The buyer ordered three of these. His design and his idea to put the year on the front panel of this 11×8 box. I may make some local school/collage logos on box lids with 2014 inlaid into the front panel like this. I think it would made a nice graduation gift. Cedar box with maple and oak inlays. These boxes are to be awarded to the officers of a Masonic lodge who served in 2013.


----------



## kepy (Mar 5, 2012)

Very nice work. Be warned that colleges have their logos copyrighted and some of them can be very picky about people using them.


----------



## gfadvm (Jan 13, 2011)

Jim, That is a very impressive inlay job. I understand how you cut them out with the scrollsaw but not clear on how you mad the "beds" for them to fit into? Or did you cut all the way through the box? The fit is just perfect!


----------



## Finn (May 26, 2010)

Yes the cut is all the way through. It is called "double bevel inlay" I stack the two woods and then cut them both at the same time with the table of the scroll saw tilted 2.2°.


----------



## kdc68 (Mar 2, 2012)

Wow…gorgeous work !.....The inlays are perfect !


----------



## PaulDoug (Sep 26, 2013)

Very NICE! I understand the double cutting. But it looks like part of the date on the front goes up into the lit. I assume you made the box solid and then cut the lid?


----------



## helluvawreck (Jul 21, 2010)

Jim, this is a fine piece of work.

helluvawreck aka Charles
http://woodworkingexpo.wordpress.com


----------



## pmayer (Jan 3, 2010)

Very cool, Jim!


----------



## gfadvm (Jan 13, 2011)

Thanks Jim.
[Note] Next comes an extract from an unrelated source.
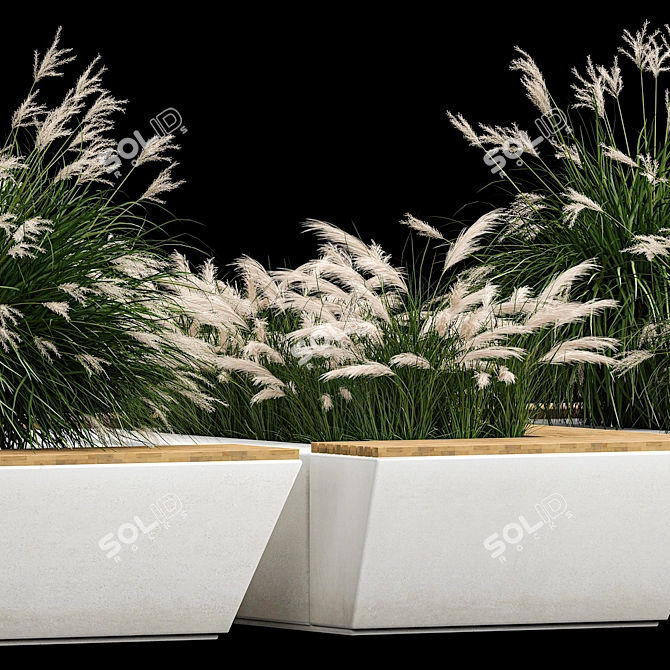 Urban Greenery Collection: Concrete Bench with Ornamental Grasses 3D model image 6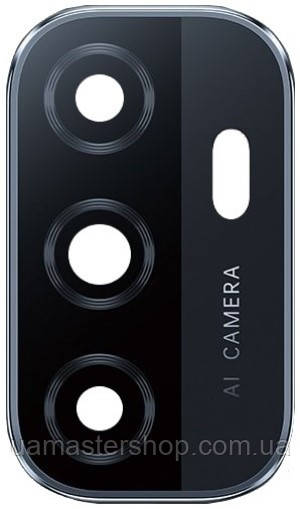 Скло камери Oppo A53 4G 2020/A53s/A32/A33 з рамкою чорного кольору, фото 1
I have the picture now. Didn't know about the bevel cut though I can see how that works.


----------



## Finn (May 26, 2010)

Yes pauldoug that is exactly how I do it. Thank you all for your kind comments.


----------



## Bigkahunaranch (Apr 9, 2014)

Wonderful looking stuff Jim.
Hope I can attain the level you have achieved.


----------